Web page caption snippets:
##############################
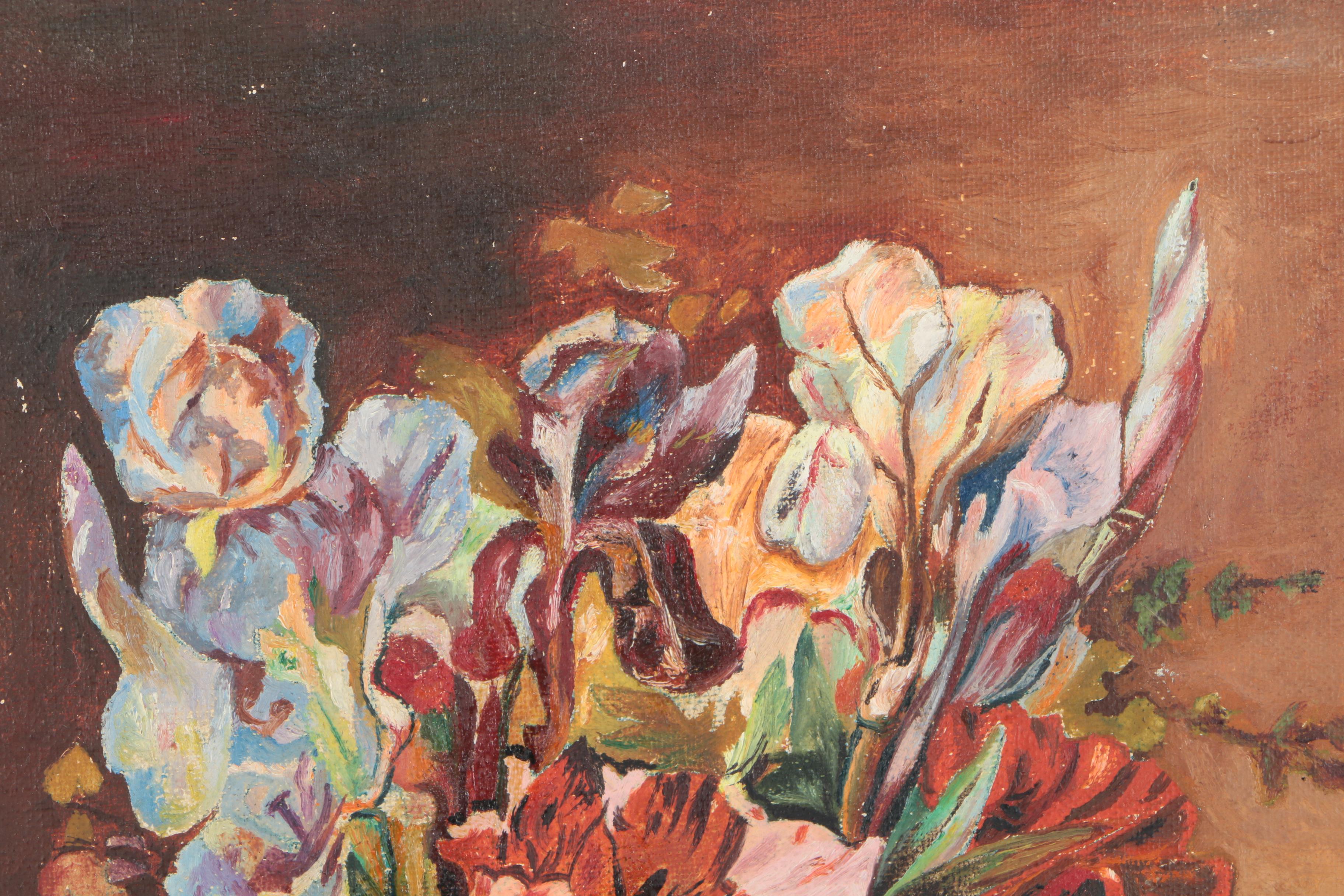 E. W. Carmichael Oil Painting on Canvas Board of Still Life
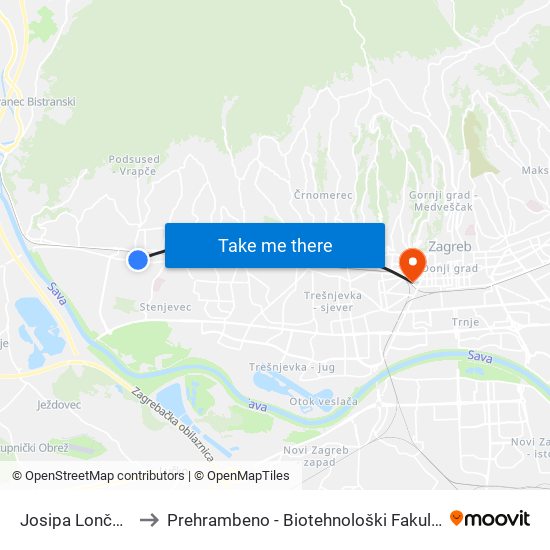 Josipa Lončara to Prehrambeno - Biotehnološki Fakultet map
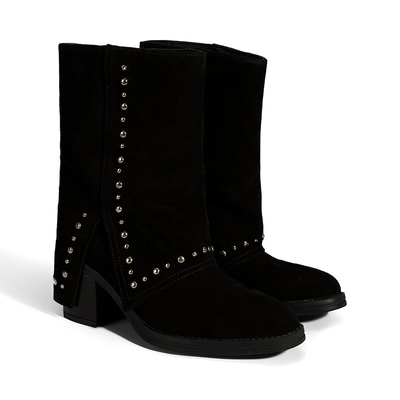 Kadın Siyah Zımba Detaylı Kalın Topuklu Süet Bot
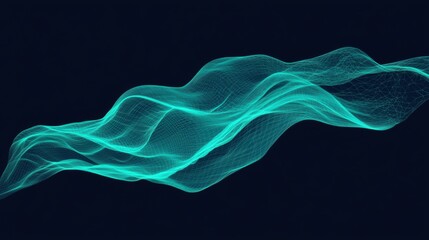 Sticker - Flowing Abstract Waves in Neon Blue and Teal on Dark Background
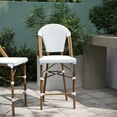 thumbnail image 6 of Emma + Oliver Set of Two Indoor/Outdoor 26" High Stacking Bistro Counter Stool with White and Gray Patterned Seat and Back and Bamboo Metal Frame, 6 of 12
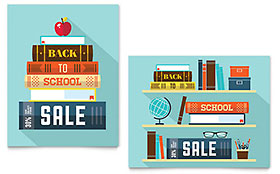 Back to School Books Sale Poster Template - Word, Publisher, InDesign, Illustrator, Pages, QuarkXPress, CorelDraw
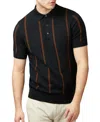 Ben Sherman Men's Regular-fit Stripe Jacquard Polo Shirt In Black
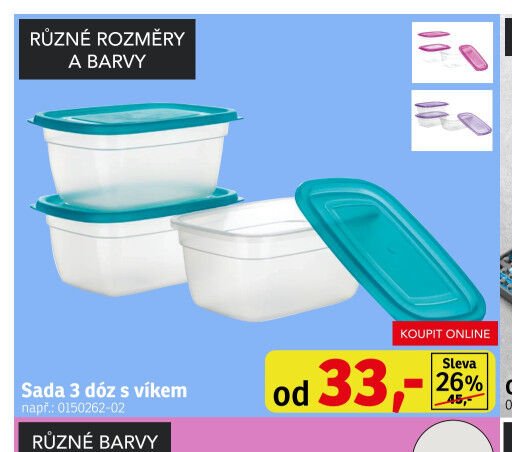 Sada 3 dóz s víkem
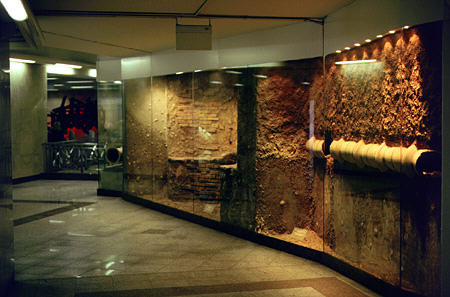 Archeology in the Athens metro, uncovered artifacts are displayed including terracotta pipes of Pisistradio aqueduct. Greece.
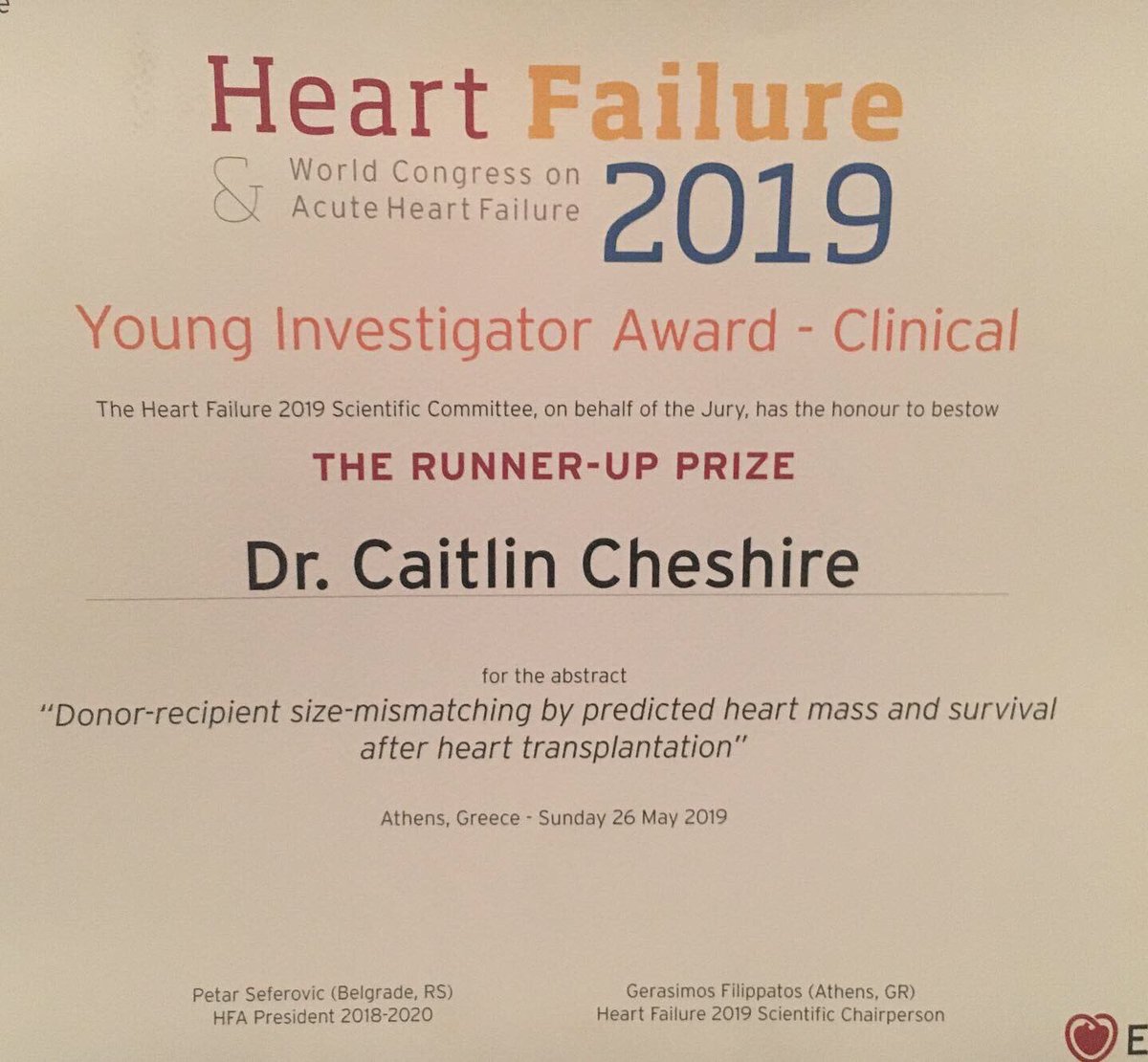 Honoured to have been awarded runner-up in the Young Investigator Award-Clinical at #Heartfailure2019 for our work on size matching by predicted heart mass in heart transplant. Many thanks to senior author @drstephenpettit for the ongoing guidance & support.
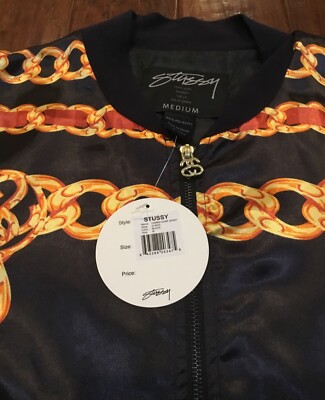 NWT Stussy Bomber Jacket Chain Medium 100% Polyester | eBay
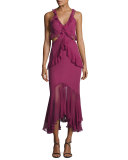 Sydney Ruffle Cutout Silk Midi Dress, Purple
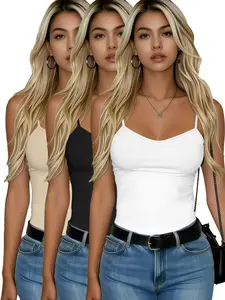 3-Pack Women’s Camisole Tops – Sleeveless tops, no built-in bra – Comfortable camisoles – Essential slim-fit women’s camisoles – Basic solid-color yoga/fitness camisoles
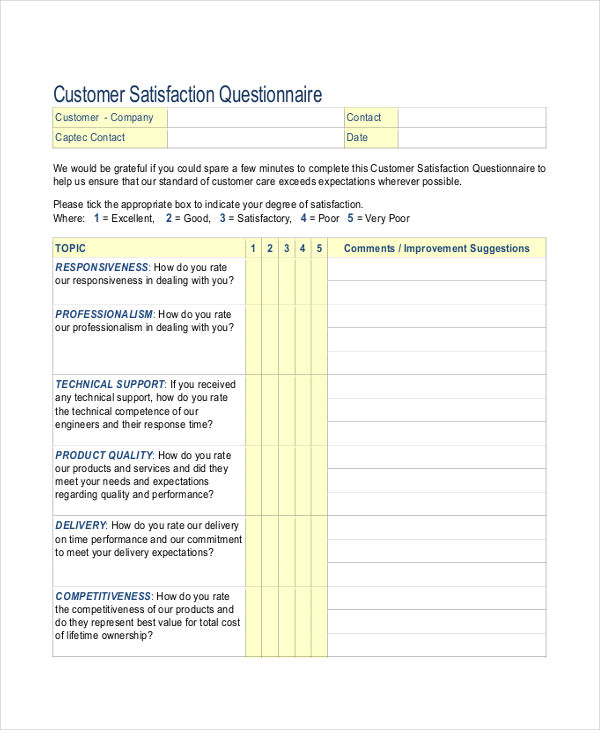 Customer Service Questionnaire 7 Examples Format Pdf Examples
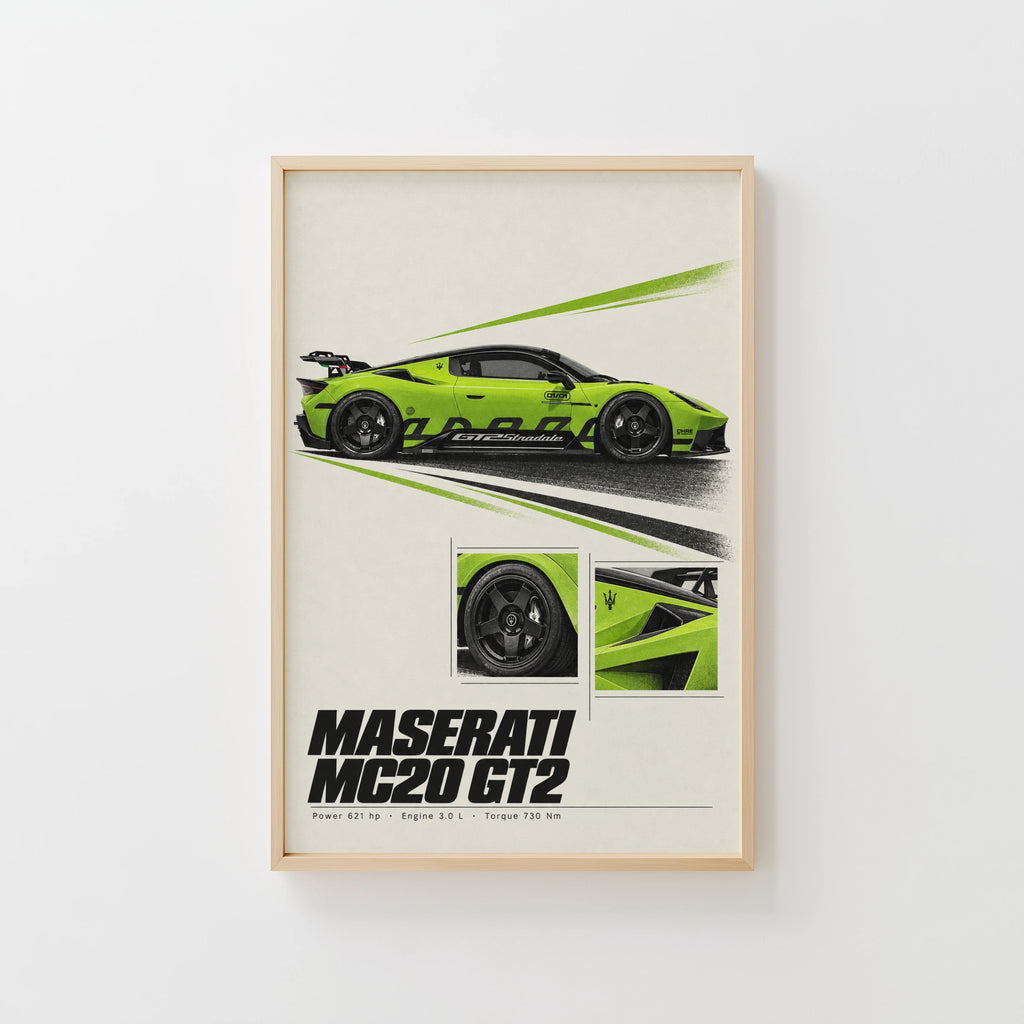 Vintage Maserati MC20 GT2 Print, Car Wall Art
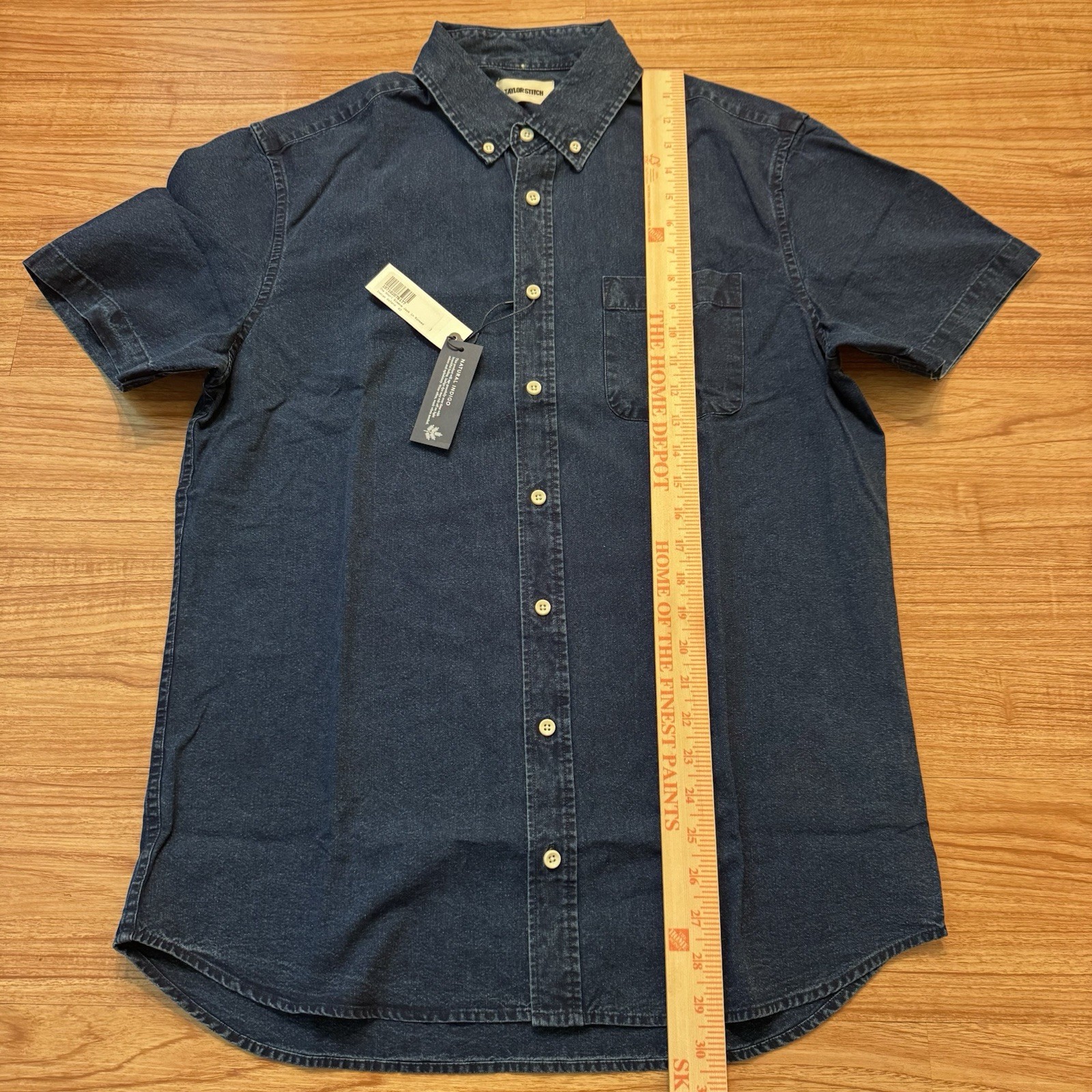 Taylor Stitch Short Sleeve Jack in Rinsed Indigo Oxford 42 Large Organic Cotton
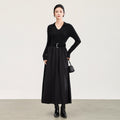 Elegant Black Long Sleeve V-Neck Dress Hepburn Style French Atmosphere Long Dress Polyester Fabric Pure Color Autumn New Arrival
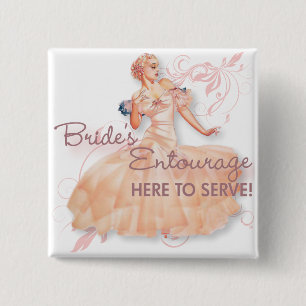 The Kitsch Bitsch : Bride's Entourage! 15 Cm Square Badge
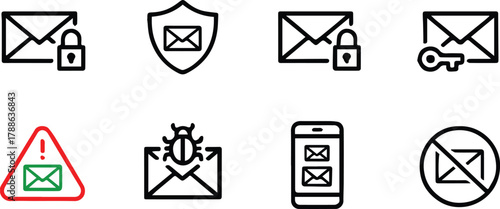 email protection vector icons envelope padlock shield phishing set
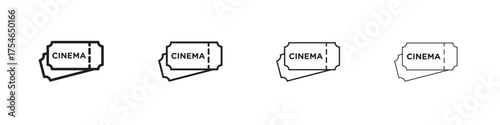 Cinema tickets icons. editable stroke icon collection.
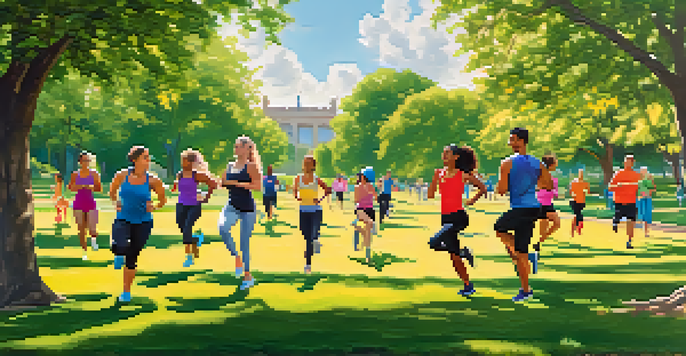 A diverse group of people exercising in a sunny park, including running, cycling, and practicing yoga, surrounded by greenery and flowers.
##############################
Leaving out each picture, repeat exactly the lines above from the one that contains "Sticker - Flowing" through the one that contains "thumbnail image 6".

## [WORKED SOLUTION]
 Sticker - Flowing Abstract Waves in Neon Blue and Teal on Dark Background
 thumbnail image 6 of Emma + Oliver Set of Two Indoor/Outdoor 26" High Stacking Bistro Counter Stool with White and Gray Patterned Seat and Back and Bamboo Metal Frame, 6 of 12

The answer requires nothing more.